We came across a newsletter this week that actually said: “‘like’ our Facebook page and receive an exclusive offer.” We’re not sure what the offer was, because we’re not interested in being bribed, manhandled, or coerced into social media engagement (…but we’re guessing it’s free shipping or a discount promo code).

Social media revolves around community and conversations. It’s a place for art, expression, and contribution – not advertising. Facebook isn’t just another notch in your touch-point belt, so have some respect.

You don’t need the gimmicks if you’re doing something that’s actually worthy of people’s time, interest, and attention. Real groupies- genuinely impassioned and impressed followers- aren’t bought; they’re earned.

Before you go out and set up a fan page or start a promo campaign to non-organically grow your following, read our social media guide: Social Media- The Prize Inside


Sep 1 2010

How Buff is Your Brand Narrative?

Thoreau Bred

Everything that you say says something about you.

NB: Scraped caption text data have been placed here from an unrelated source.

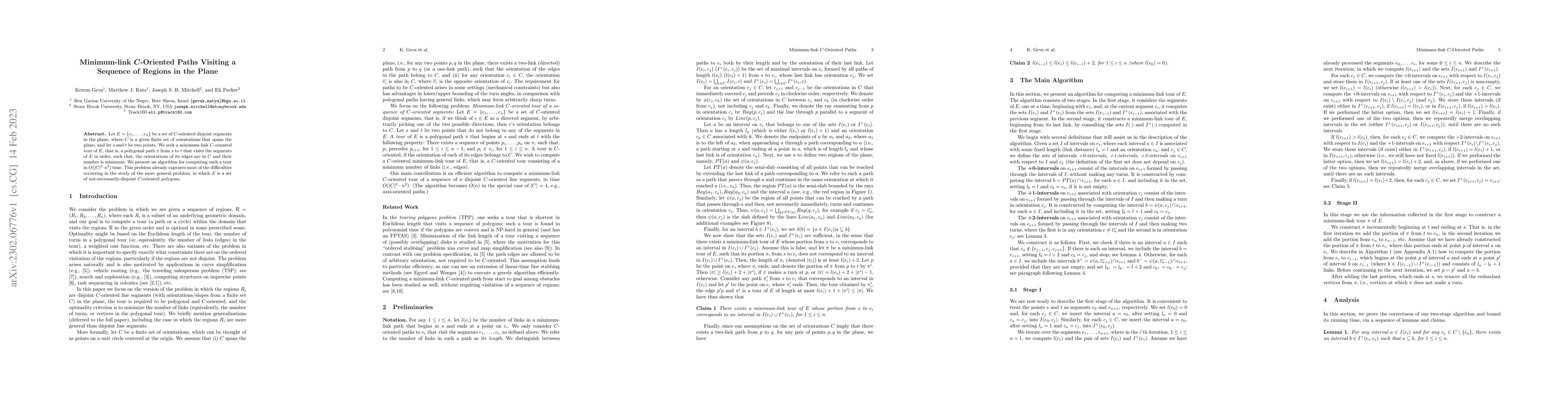 Thumbnail for Minimum-link $C$-Oriented Paths Visiting a Sequence of Regions in the
  Plane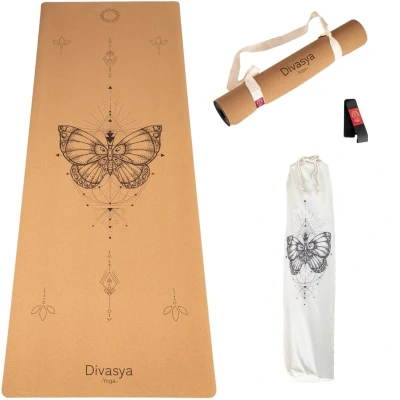 Abbildung von Kork Yogamatte aus &amp; Naturkautschuk. in 6 Yoga Designs
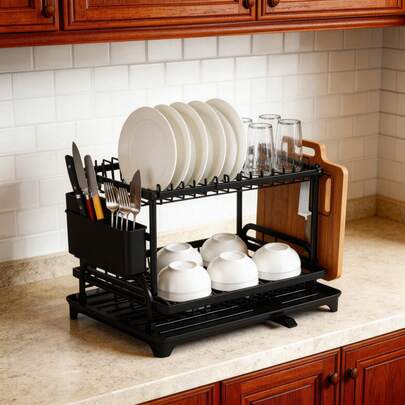 HanTai Dish Drying Rack, 2-Tier Dish Rack For Kitchen Counter, Large Expandable Dish Drainer Over Sink, 3 In 1 Multifunction Dish Strainer With Drainboard & Cups Holder, Black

Your brand narrative is how you tell your story. It runs deeper than a marketing rollout or an advertising campaign.  Your brand narrative is told in and through newsletters, press releases, promotions, CRM, sales, programming, products, annual reports, and internal communications- day in and day out. Your ongoing narrative should reflect your brand vision and purpose, your strategic direction, your operational tactics, your intent and partnerships. If crafting your brand narrative isn’t a constant, grueling, and tedious ongoing process, then it’s likely you’re producing ineffective noise.

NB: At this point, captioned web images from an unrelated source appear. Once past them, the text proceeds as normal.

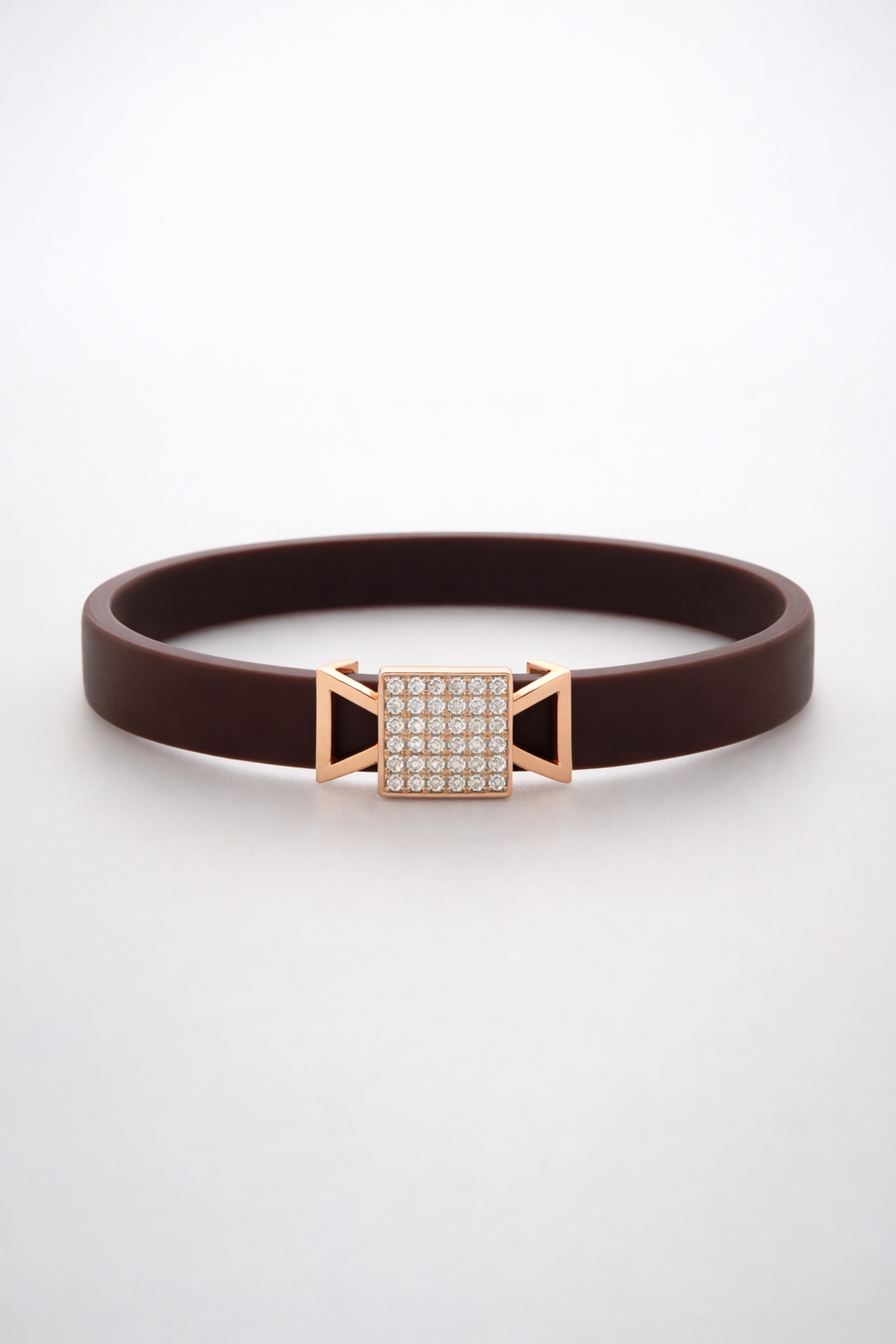 Modern Designer Black Silicon Bracelet with Rose Gold Diamond Detailing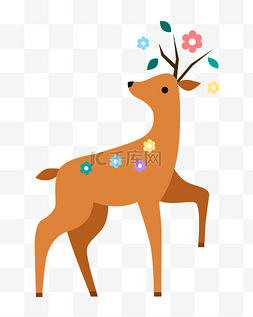 卡通动物圣诞动物图片_矢量卡通褐色麋鹿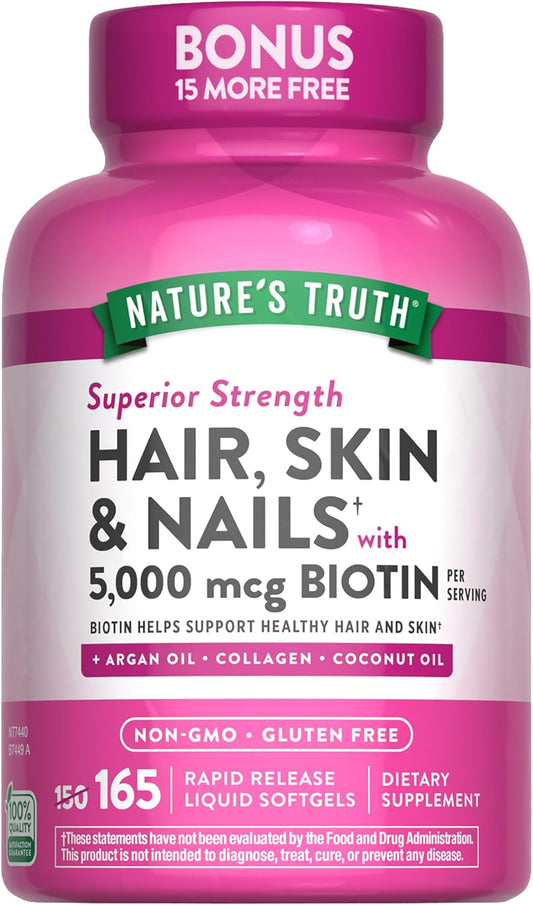 Biotin Hair, Skin & Nails Vitamin with Collagen | 5000 mcg | 165 Softgels | Non-GMO & Gluten Free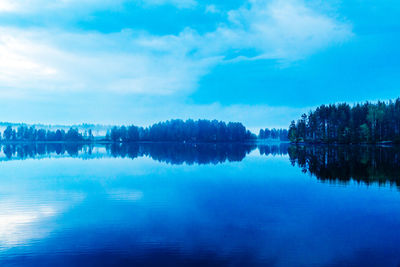 Reflection of trees in calm lake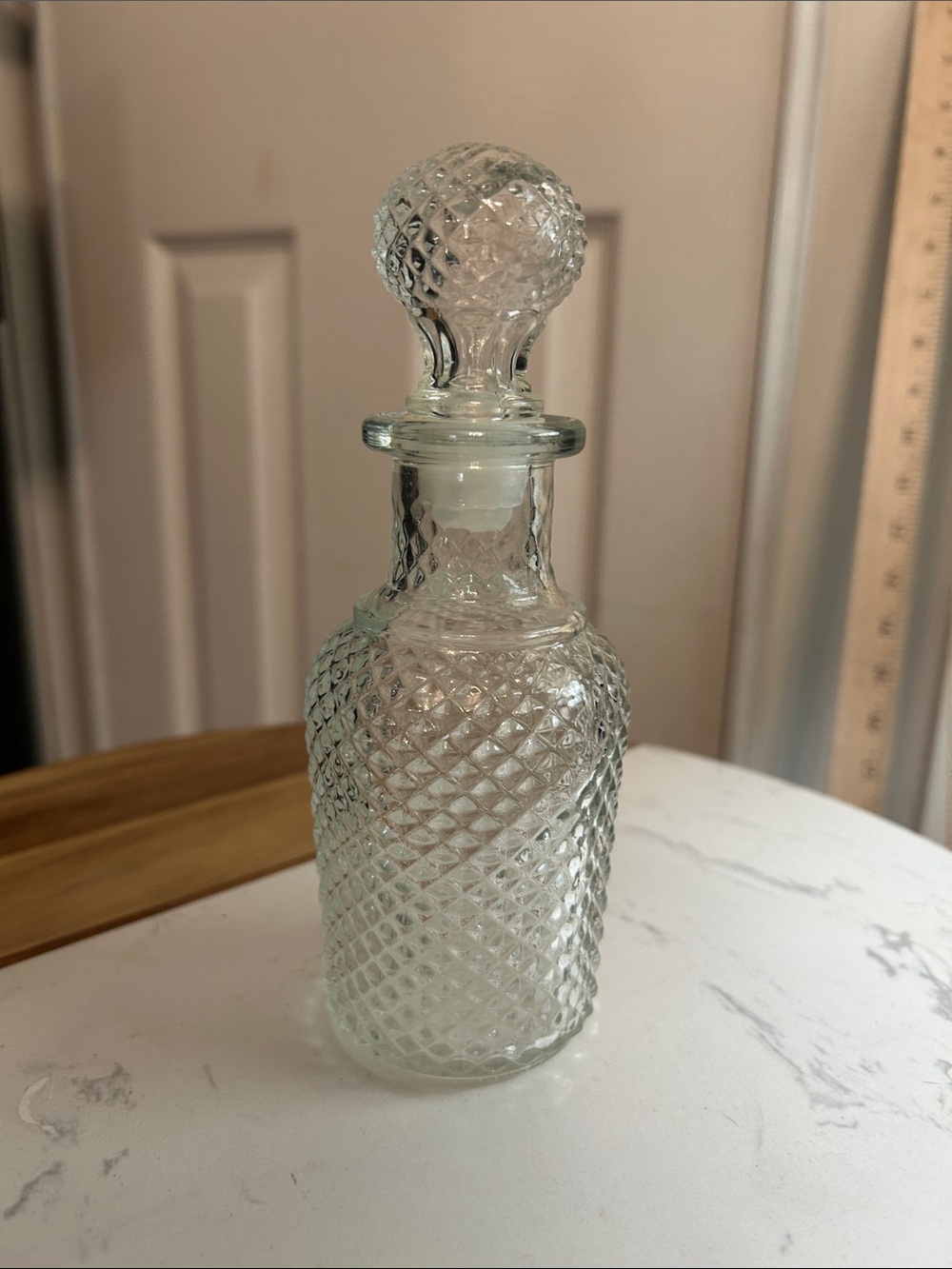 Vintage Clear Pressed Glass Diamond-Pattern Decanter with Stopper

Wrestling your brand narrative into focus requires skill and authenticity. Calling yourself cool doesn’t make you cool and calling your brand relevant doesn’t make it relevant. Drop the ego, the corporate-bologna, and the stuffy verbiage from your self-promotions and figure out how to reflect who you really are and what you really have to offer. Narrativity is not vague or generic.

Meticulously crafted brand narratives connect with people; they gracefully distinguish your unique interests, voice, differentiators, and the powerful benefits that genuinely matter to clients and customers. Brands that make a connection, reinforce their relevance, and speak to people are identified immediately as the must-have solution; the real deal, second to none. Your brand narrative should convey the personality, style, and strengths that enliven your collective organization.

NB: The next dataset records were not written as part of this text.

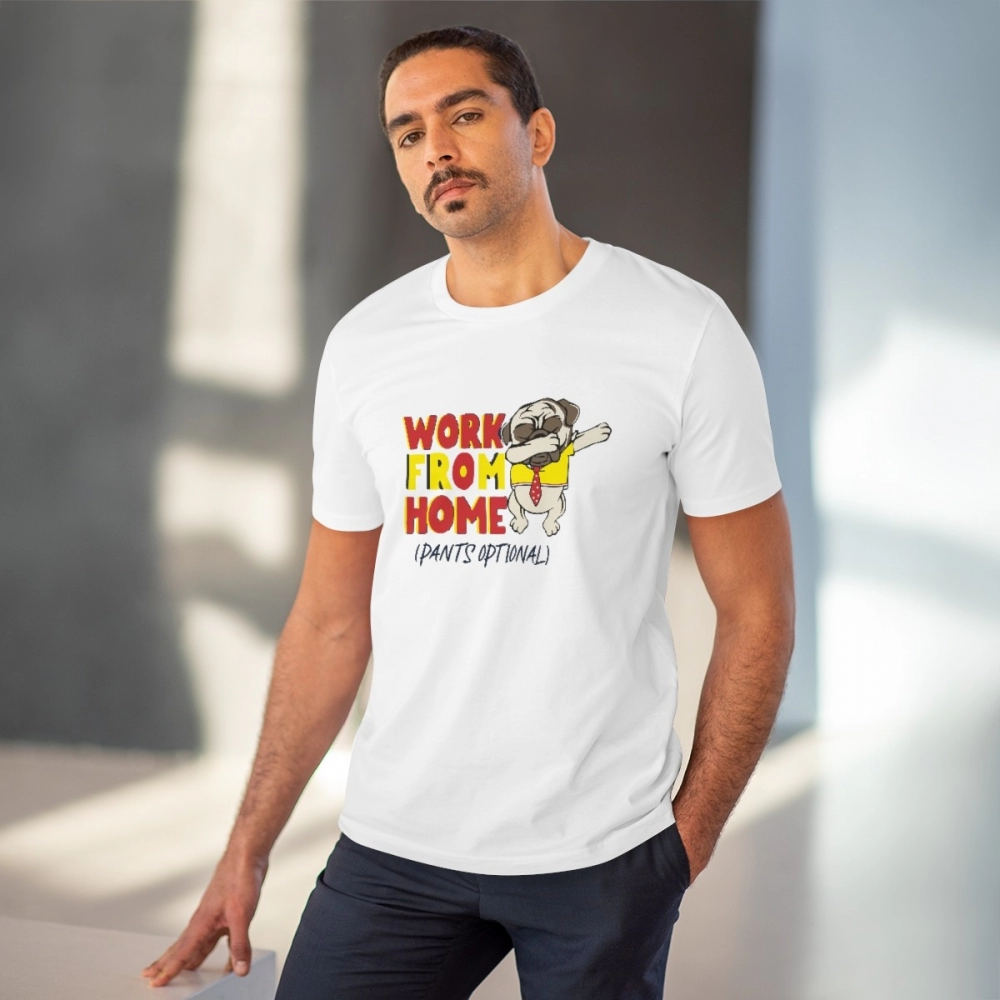 Generic Men's PC Cotton Work From Home Desing Printed T Shirt (Color: White, Thread Count: 180GSM) - Image 2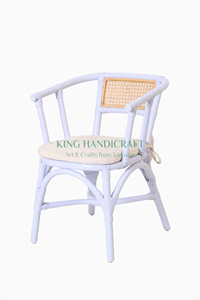 Silla moderna bohemia de ratán para niños con cómodo cojín extraíble para sala de estar, cocina, dormitorio o uso al aire libre - Product Image 2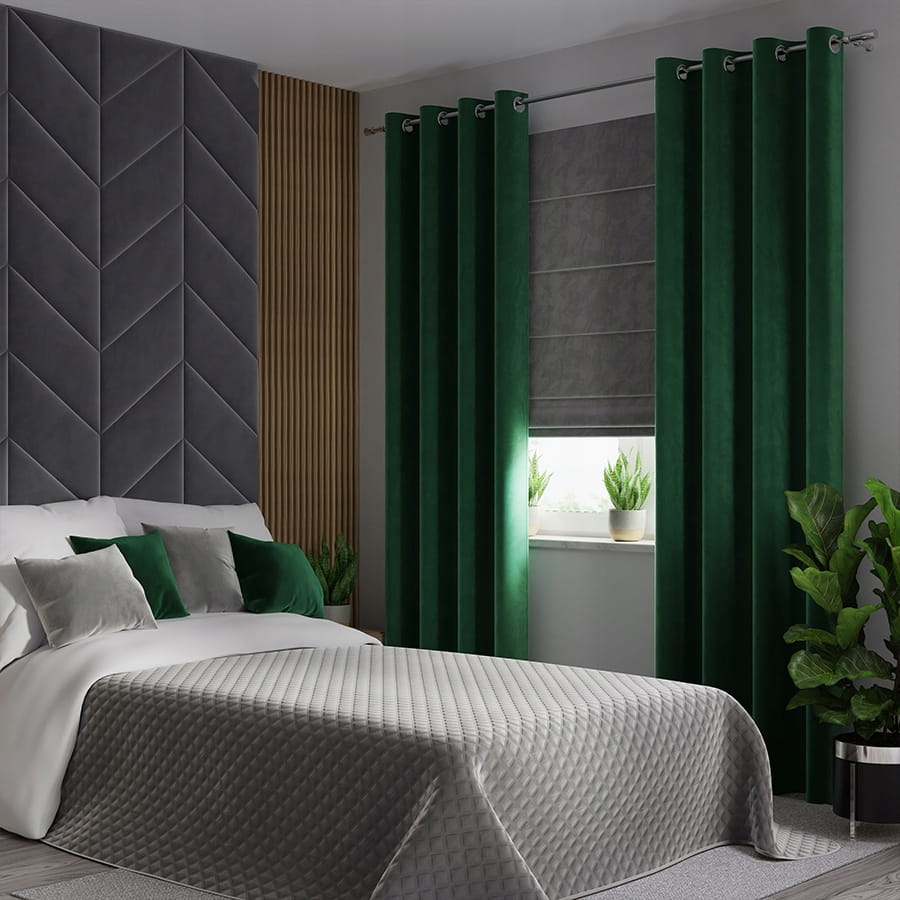 VELVI Zasłona gotowa na przelotkach 250x140 c.ziel - doskonała do salonu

Your communications are a reflection of your brand identity and directly contribute to your brand image, whether you intended them to be or not.

Here are a few questions to help you do a quick audit of your Brand Narrative:

  • Do your messages accurately communicate your story?
  • Are your messages genuine and authentic or just feel-good self-compliments and well-worded spin?
  • Does your brand’s spunk, funk, credibility, attitude, personality, sensitivity, or vibe shine through your messages?
  • How do your messages reflect your brand identity, values, and strategy?
  • Are your messages clear and concise?
  • Do your messages speak to the real issues that concern your audience?
  • Do your messages reflect the values of your audience?
  • Are you addressing the relevant issues on the minds and the immediate ‘To-Do’ lists of your customers?